The difficulty in the general case seems to boil down to the fact that the zigzag representing an inverse in $S^{-1} \mathcal{C}$ for a morphism in $\bar{S}$ may not consist of only morphisms in $\bar{S}$ (let alone $S$). A trivial example of this is the case where $S = \emptyset$ or $S = \{ \text{identities} \}$. However, observe that a three-arrow zigzag that represents an isomorphism in $S^{-1} \mathcal{C}$ necessarily consists of only morphisms in $\bar{S}$. This, I suppose, is the significance of 3.
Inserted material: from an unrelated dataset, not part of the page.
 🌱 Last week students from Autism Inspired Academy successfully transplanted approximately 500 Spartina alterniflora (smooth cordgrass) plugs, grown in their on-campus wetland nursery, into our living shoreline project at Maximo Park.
Rather curiously, the fact that $\bar{S}$ is closed under retracts seems to play no role. For the record, let me point out that the 2-out-of-6 property does not imply closure under retracts. Consider the following category $\mathcal{C}$, $$\begin{array}{ccccc} X' & \to & X & \to & X' \\ \downarrow & & \downarrow & & \downarrow \\ Y' & \to & Y & \to & Y' \end{array}$$ where the composite across the top row is $\mathrm{id}_{X'}$ and the composite across the bottom row is $\mathrm{id}_{Y'}$, but $X' \to X$ and $Y' \to Y$ are not isomorphisms. Let $S$ be the set of all identity morphisms in $\mathcal{C}$, plus the morphism $X \to Y$. Then $S$ has the 2-out-of-6 property (because none of the morphisms in $S$ admit any non-trivial factorisation) but is not closed under retracts.
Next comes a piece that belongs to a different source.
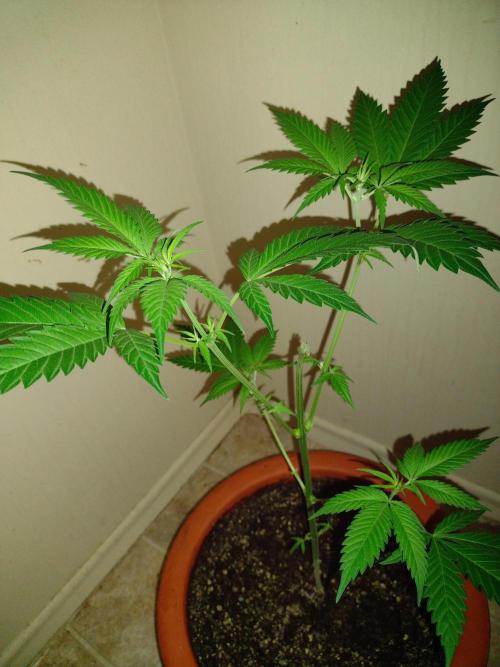 Critical Killer. Week 10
There is a small sliver of hope, though. Observe that the class of pairs $(\mathcal{C}, S)$ where $S = \bar{S}$ is closed under arbitrary products. (See lemma 3.1.11 in my notes.) Let us say that $(\mathcal{C}, S)$ is saturated if $S = \bar{S}$. The functor $(\mathcal{C}, S) \mapsto S^{-1} \mathcal{C}$ is a left adjoint, so it preserves colimits. In particular, it preserves filtered colimits. Moreover, given a small filtered diagram $\mathcal{A}_\bullet : \mathcal{J} \to \mathbf{Cat}$, a morphism in ${\varinjlim}_\mathcal{J} \mathcal{A}_\bullet$ is an isomorphism if and only if it is the image of an isomorphism in some $\mathcal{A}_j$; thus, filtered colimits preserve the property of being saturated. Hence, the class of pairs $(\mathcal{C}, S)$ where $S = \bar{S}$ is closed under ultraproducts. It is not hard to see that $(\mathcal{C}, S)$ is saturated if and only if some ultrapower is saturated, so the Keisler–Shelah theorem implies the class of saturated $(\mathcal{C}, S)$ is closed under elementary equivalence. It is therefore an elementary class, i.e. axiomatisable by a theory in the first-order language of categories with an extra unary predicate. Perhaps someone clever will be able to find an explicit description of this theory.